Plantar Fasciitis:  Foot or Calf problem?

 

 

Many people, and even doctors, assume that plantar fasciitis is a foot problem because that is where the pain is, right?  WRONG ASSUMPTION!

 

We have two calf muscles that are involved in this condition.  They are the gastrocnemius (gastroc), which is the one you can visually see, and the soleus, which is deeper, underneath the gastroc.  The two calf muscles join together and form the Achilles tendon, the thick taut band at the back of the ankle.  That band wraps underneath the heel bone (calcaneus) and as it leaves the calcaneus bone it becomes the plantar fascia.  The plantar fascia is a thick band of fascia that connects your heel bone to your toes.

 

 





 

 

When the calf muscles get too tight for an extended amount of time, they start pulling on the Achilles tendon, which in turn pulls on the plantar fascia.
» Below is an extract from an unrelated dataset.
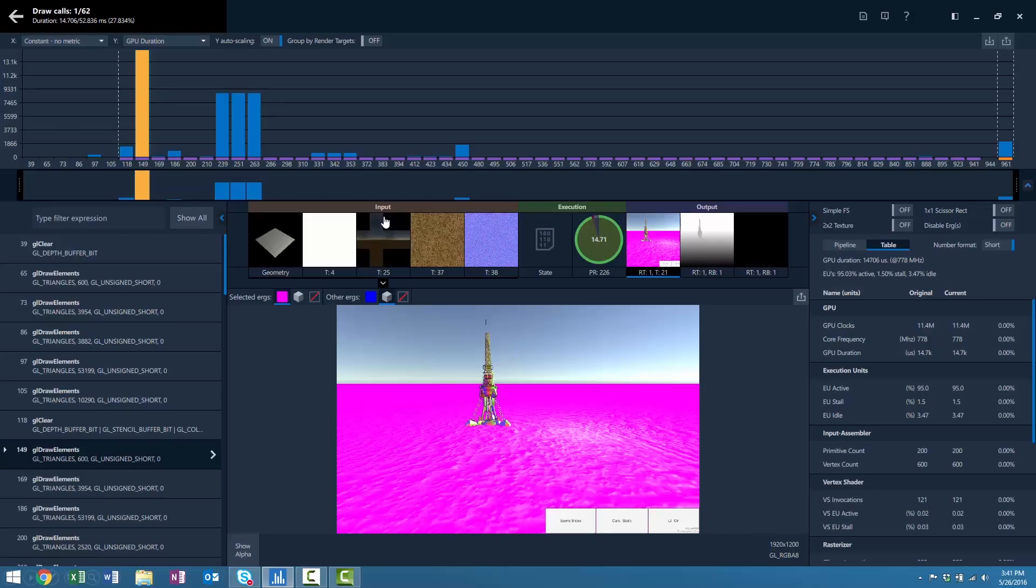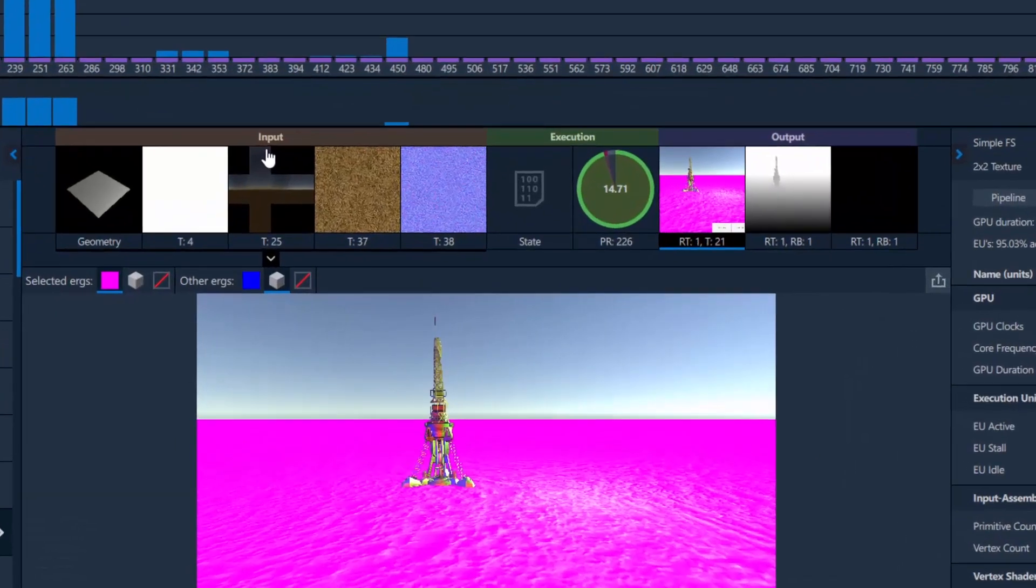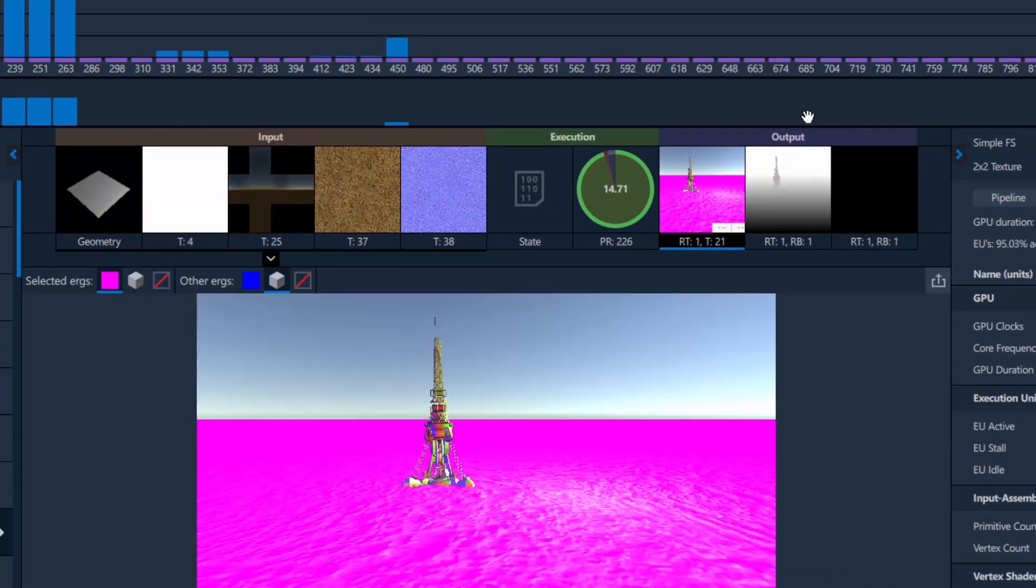When you open up a frame in Graphics Frame Analyzer, you will notice the resources are separated into three categories: Input, Execution, and Output.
The soleus is generally the culprit with plantar fasciitis.  With that constant pulling, the plantar fascia starts to tear away from the calcaneus bone resulting in pain.

 

Plantar Fasciitis symptoms: 

Stabbing pain on the bottom of the foot near the heel, especially the first few steps out of bed.  When you are sleeping at night your muscles are relaxed and the healing process begins.  Normally when we relaxed and sleeping, your toes are pointed slightly down.  When the plantar fascia begins to heel in this position, the first few steps out of bed re-tear that tissue which is why those steps are so painful.

 

Please do not ignore these warnings signs.  Letting this go can result in chronic heel pain and can take years to recover from.  One complication from plantar fasciitis is that a bone spur can develop in the plantar fascia near the attachment point of the heel.  The body is trying to heal that fascia and wants to support it and make it stronger and by laying down bone where bone is not supposed to be.  This results in a jagged, spur type structure that causes pain with walking.  It is possible to control your pain even with a spur, without surgical intervention.  The foot pain can cause you to limp and walk differently, which can cause knee, hip and back problems.

 

How do you treat this at home?

 

 

Freeze a water bottle and do ice massage on the bottom of the foot by rolling it.

 

Night splint- this device you can get online.  You would wear it at night and your foot is kept in a flexed position so the fascia can heal in its proper alignment.  Some people have found this helpful and some have not.  Depends on your body and how severe the tears are.

 

You can also make an appointment with your favorite massage/stretch therapist :)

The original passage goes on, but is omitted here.